Non-smokers exposed to dangerous levels of pub smoke
Scientific study questions Government health bill
UK SCIENTISTS have questioned the use of partial smoking bans in pubs and clubs, following alarming new figures about how much non-smokers actually breathe in.
Researchers from an alliance of North West universities found that customers sitting in non-smoking areas of pubs were, on average, exposed to as much as two-thirds of the smoke that circulated in smoking areas.
Staff behind the bar were exposed to even higher levels - between 87-95% of smoke in smoking areas.

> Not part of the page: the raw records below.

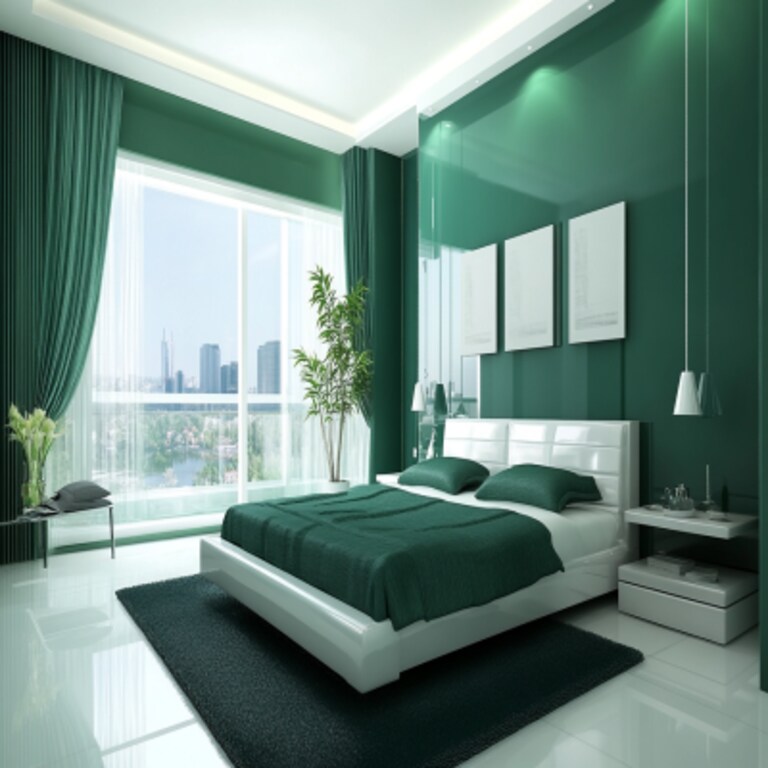 Modern Dark Green Bedroom Wall Paint Design With Grooves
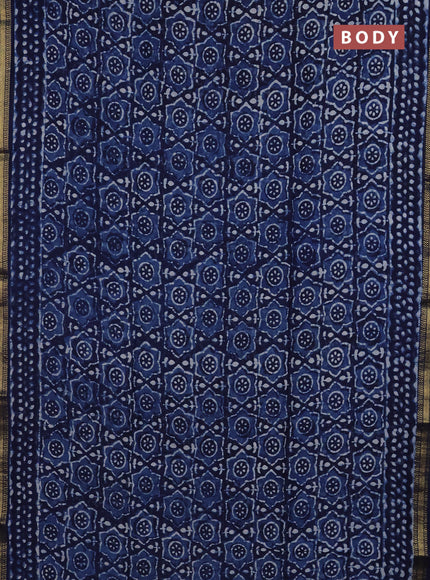 Chanderi Bagru saree navy blue with allover ikat prints and mageshwari border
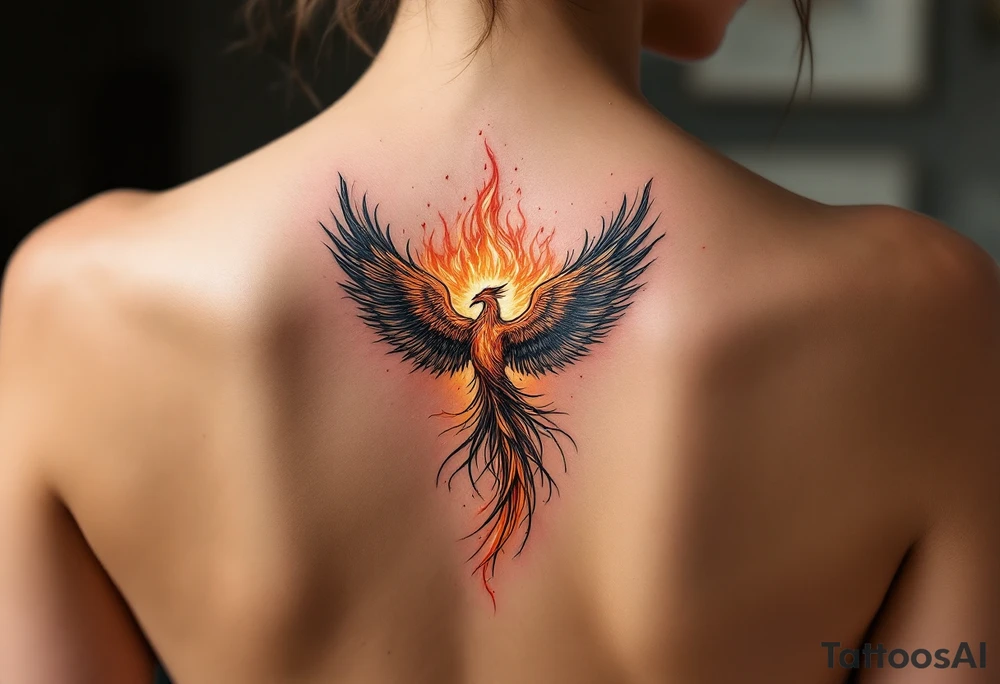 Phoenix rising from the ashes tattoo idea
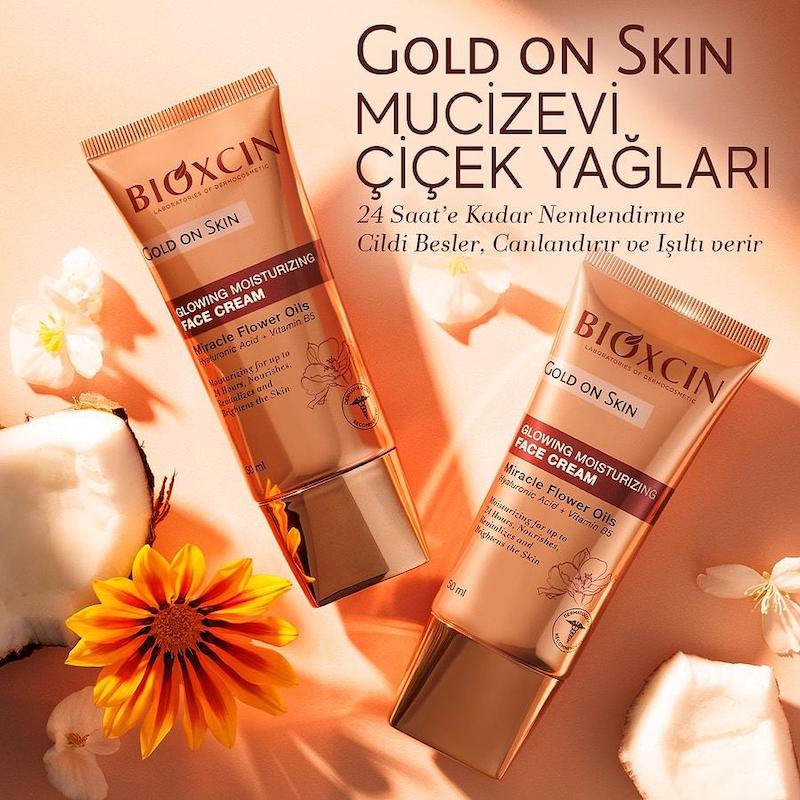 Bioxcin Gold On Skin Glowing Moisturizing Face Cream حاوی هیالورونیک اسید و ویتامین B5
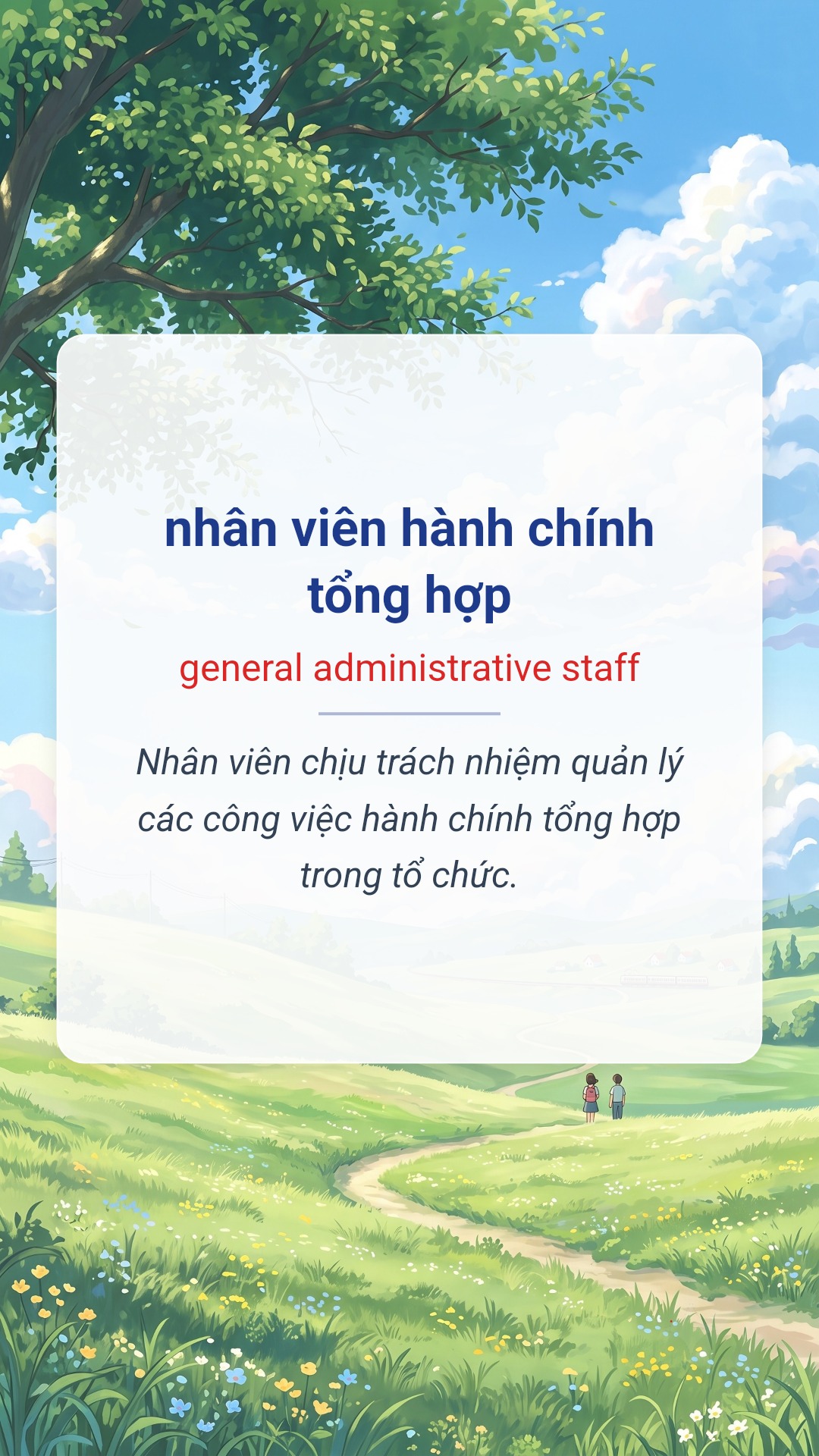 Hình minh hoạ "nhân viên hành chính tổng hợp" tiếng Anh là "general administrative staff"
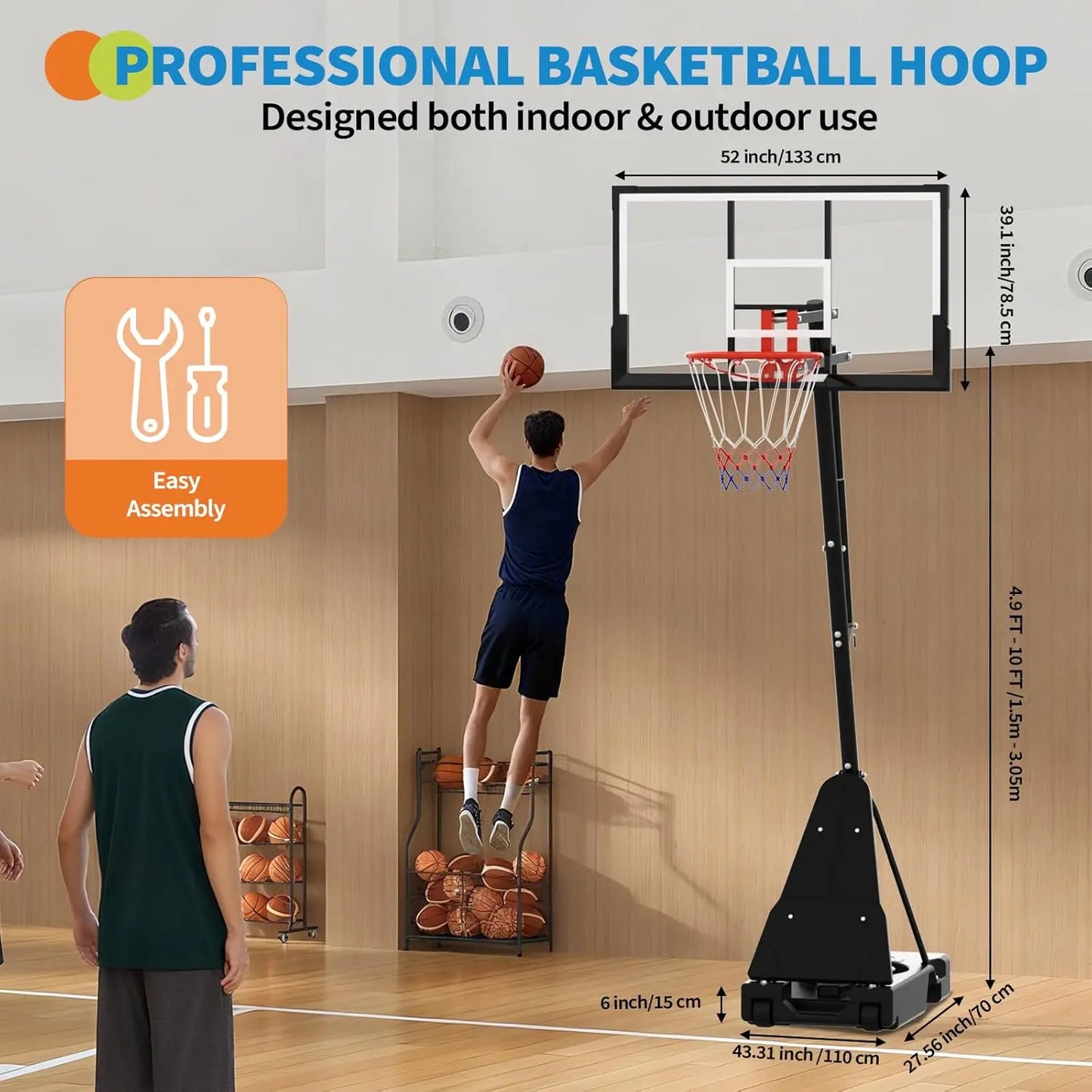 52" Shatterproof Adjustable Basketball Hoop with Wheels, for Driveway & Backyard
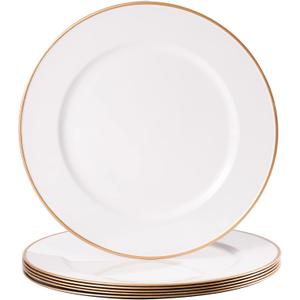 MAONAME 13" White Charger Plates Set of 6, Round Plate Chargers with Gold Rim, Plastic Decorative Charger Plates for Wedding, Tabletop Decor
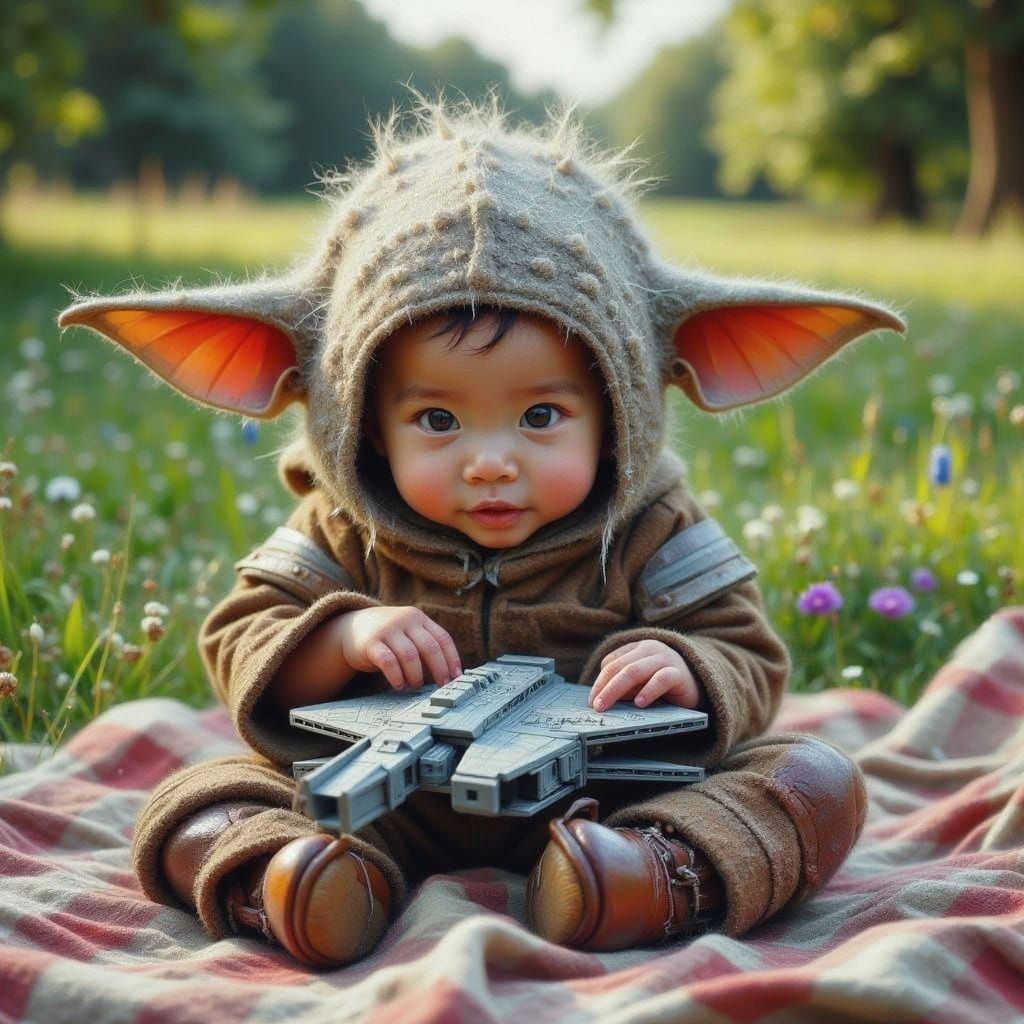 Baby Mandalorian with Toy Spaceship in Impasto Style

Furthermore, they found little or no evidence that ventilation made a difference to levels of smoke, and even in smoke-filled areas of ventilated pubs the levels of second-hand smoke were several times higher than average levels in other workplaces or homes where smoking is allowed.
Exposure to second-hand tobacco smoke in the workplace has been shown to cause serious conditions like heart disease and lung cancer.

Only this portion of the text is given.